# Fire Siren wake up call



## k9kiwi (Dec 4, 2006)

This is what wakes me up at Oh Dark Thirty. 10 seconds between each for 3 wind ups.

As the 40 foot tower with the siren on top is about 120 feet from the bedroom window it WAKES you up in a hurry. 

Shorts, t shirt and boots live beside the bed every night.

I will be in the station by the time the third siren starts normally. 

First time it went off at night time I shot out of bed that fast in the dark, turned the wrong way and ran into the wall.  Now the wife gets the light switch. 8)


----------



## twoeagles (Dec 4, 2006)

Geez that's frightening - it sounds like a classic air raid siren, too!!!
I have learned to sleep through distant gunfire before, but that siren would
make me crazy!!!


----------



## pbfoot (Dec 4, 2006)

you didn't see the 40ft tower with the siren when you bought your home


----------



## k9kiwi (Dec 4, 2006)

This is a pici of a flash shiny one. Ours has been up for over 30 years.
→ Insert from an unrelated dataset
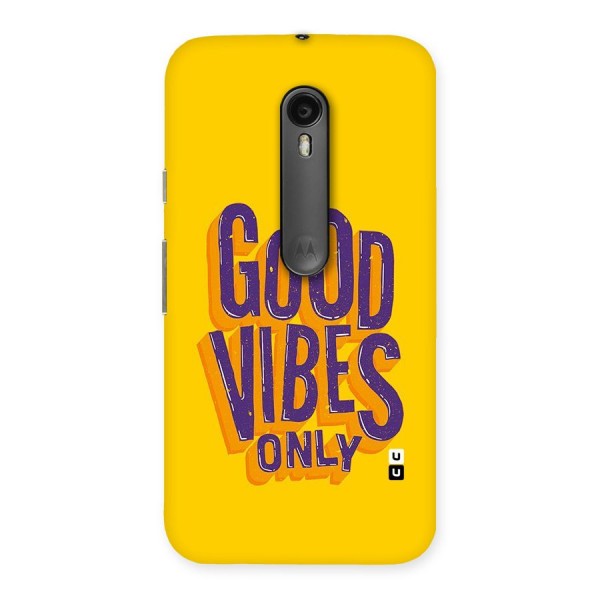Happy Vibes Only Back Case for Moto G Turbo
Our nearest neighbour station is 15 KM away. On still nights we have heard there siren wind up just before ours starts for a mutual call out. Kinda spooky.


----------



## Smokey (Dec 4, 2006)

A siren goes off near my place on sunday lunchtime when the fire crews train, which is inconsiderate as im usually still asleep. It also sounds like an old air raid siren. It is pretty spooky


----------



## k9kiwi (Dec 4, 2006)

> you didn't see the 40ft tower with the siren when you bought your home



It was an added bonus. Gives the place atmosphere. And it was across the back fence into the station, making life simple for me.


----------



## Wildcat (Dec 5, 2006)

Yeah we have those sirens here as well. I always kinda liked hearing it ...


----------